- **Records provided**:
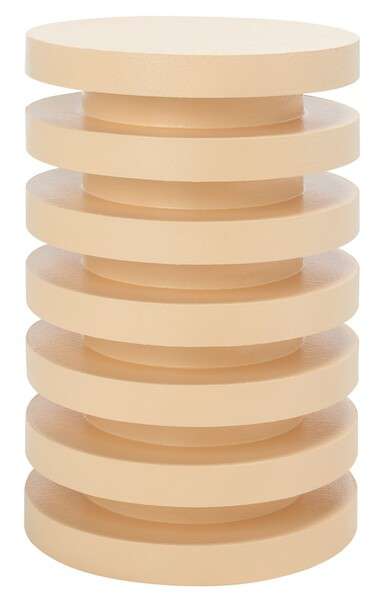 Safavieh Kaysar Accent Table - Cream | Accent Tables | Modishstore - 2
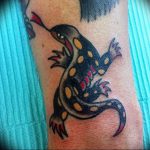 фото тату саламандра от 07.10.2017 №093 - tattoo salamander - tatufoto.com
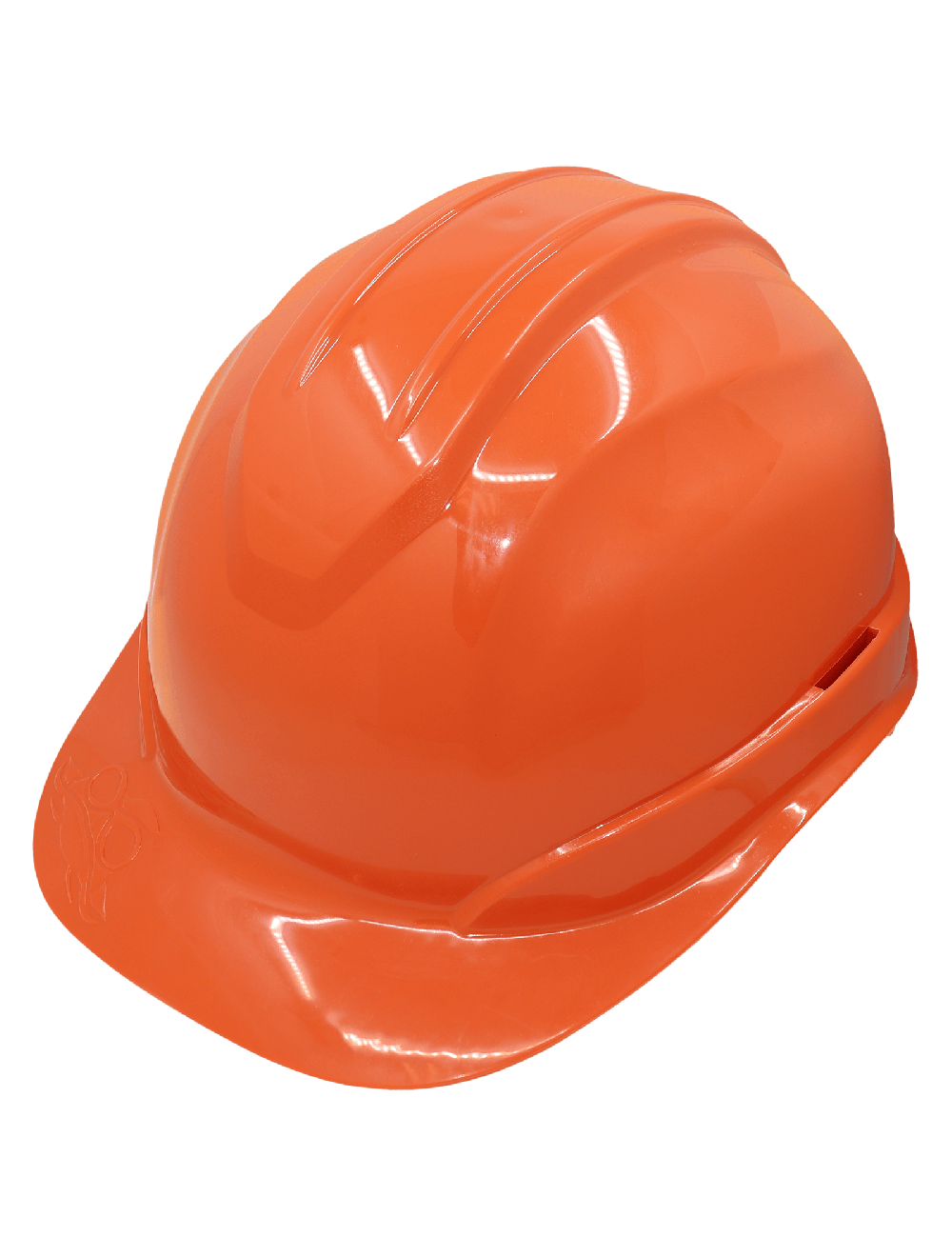 Head Protection Orange Unvented Cap Style Hard Hat With Six-Point Ratchet Suspension - HH-C2-O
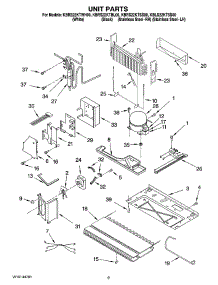 05 - Unit Parts parts for Kitchenaid Refrigerator KBLS22KTSS00 from AppliancePartsPros.com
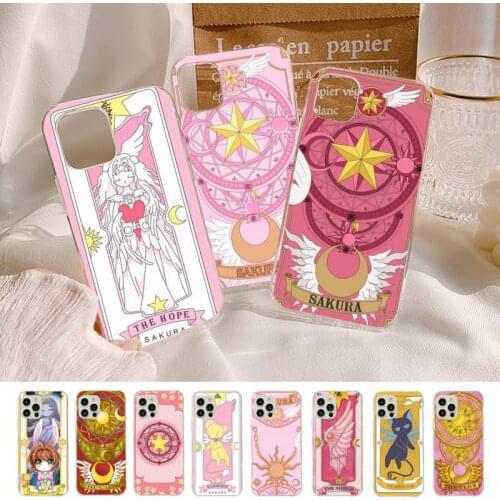 Cardcaptor Sakura Magic wand Moon Phone Case for iPhone 8 7 6S Plus X 5S SE 2020 XR 11 12 mini pro XS MAX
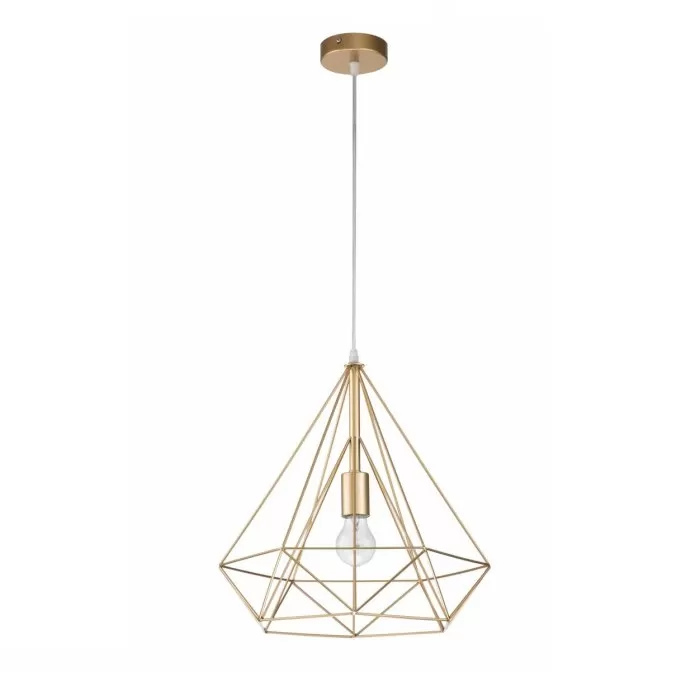 LP492-D40 Suspensie Rette Gold Lampardi 1x60w E27/H50-120cm D40cm - img 1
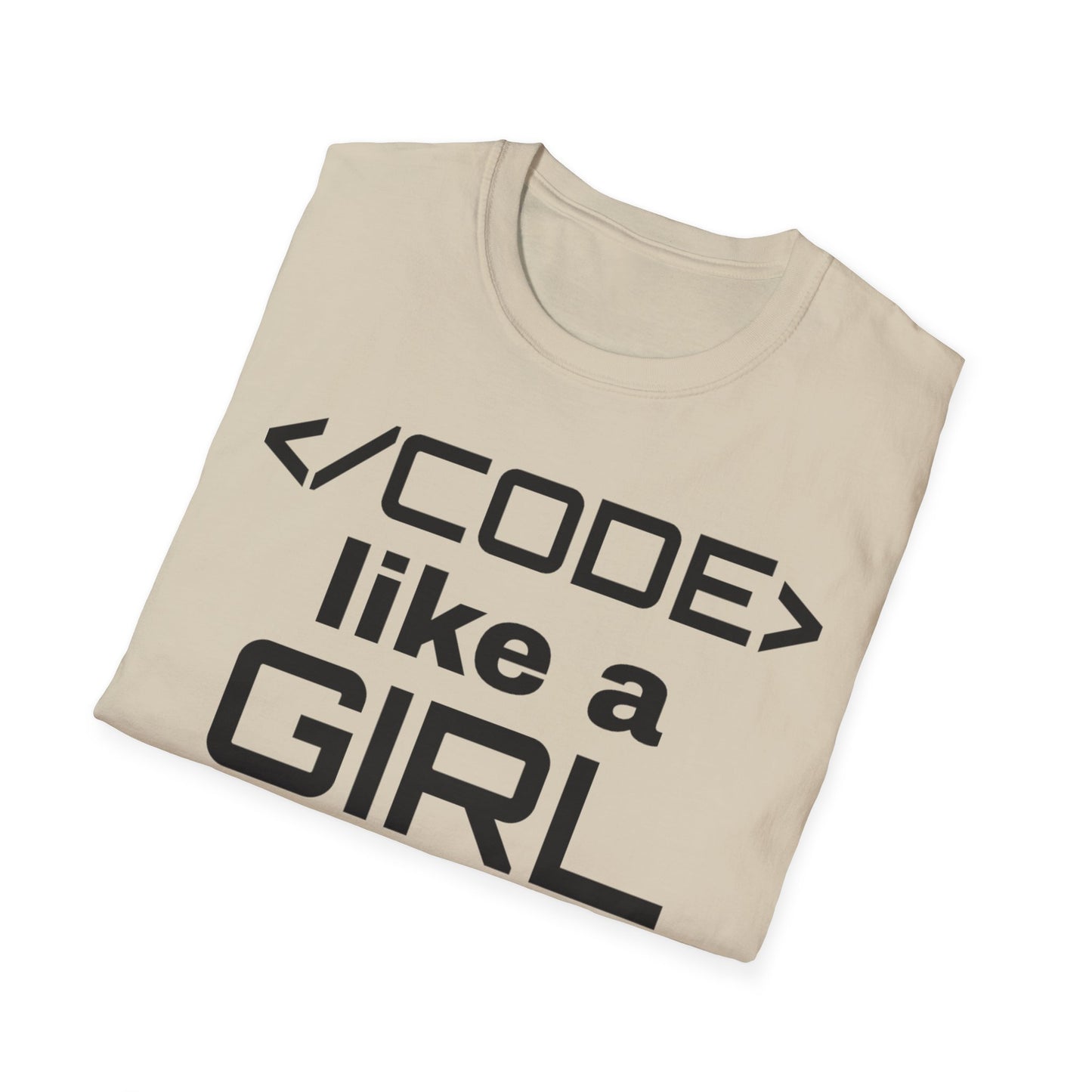 Code Like A Girl Unisex Tee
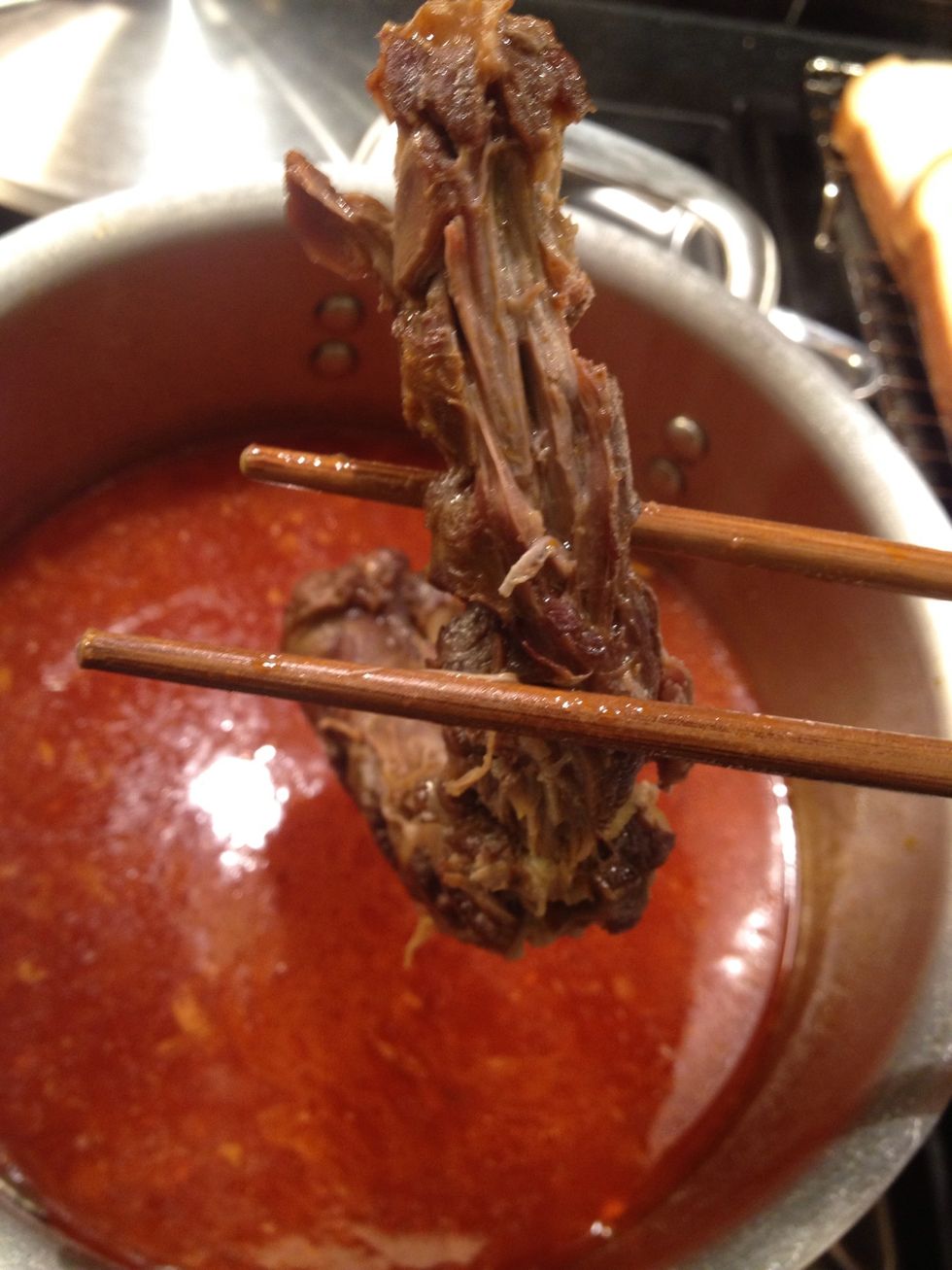 Add any extra bones you might have left from thanksgiving.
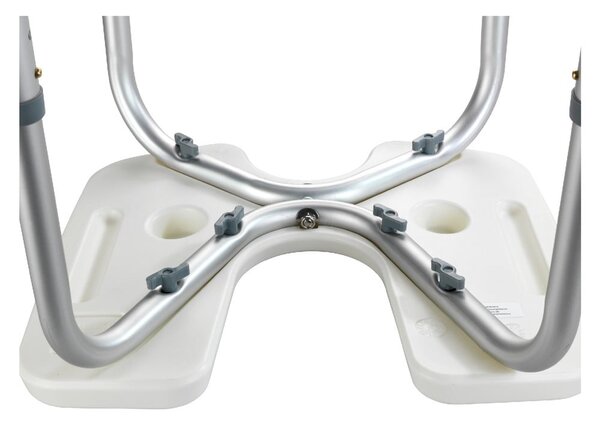 Sgabello da doccia Sgabello igienico bianco, 53 x 46 cm Secura - Wenko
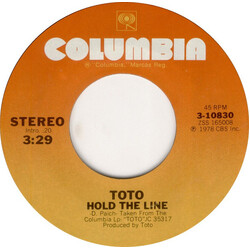 Toto Hold The Line USED VINYL 7INCH 45 RPM SINGLE STYRENE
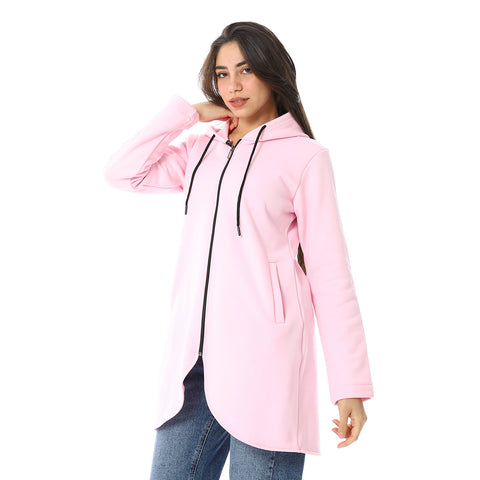 Women Hoodie With Front Zipper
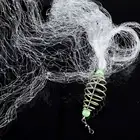 Медная пружина рыболовная сеть для мелководья с ночные светящиеся бусины шарикоподшипник твердое кольцо рыболовный соединитель пресноводный рыболовный инструмент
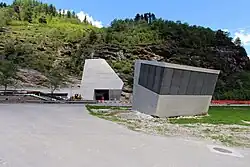 Faido portal (maintenance access), 757 m (2,484 ft) a.s.l.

- **Exercise objective**: Exact copy, pictures omitted: every line from the one holding "Sgabello da doccia" through the last line of the data above, and nothing else.

- **Completed exercise**:
 Sgabello da doccia Sgabello igienico bianco, 53 x 46 cm Secura - Wenko
 Toto Hold The Line USED VINYL 7INCH 45 RPM SINGLE STYRENE
 Women Hoodie With Front Zipper
 Медная пружина рыболовная сеть для мелководья с ночные светящиеся бусины шарикоподшипник твердое кольцо рыболовный соединитель пресноводный рыболовный инструмент
 Faido portal (maintenance access), 757 m (2,484 ft) a.s.l.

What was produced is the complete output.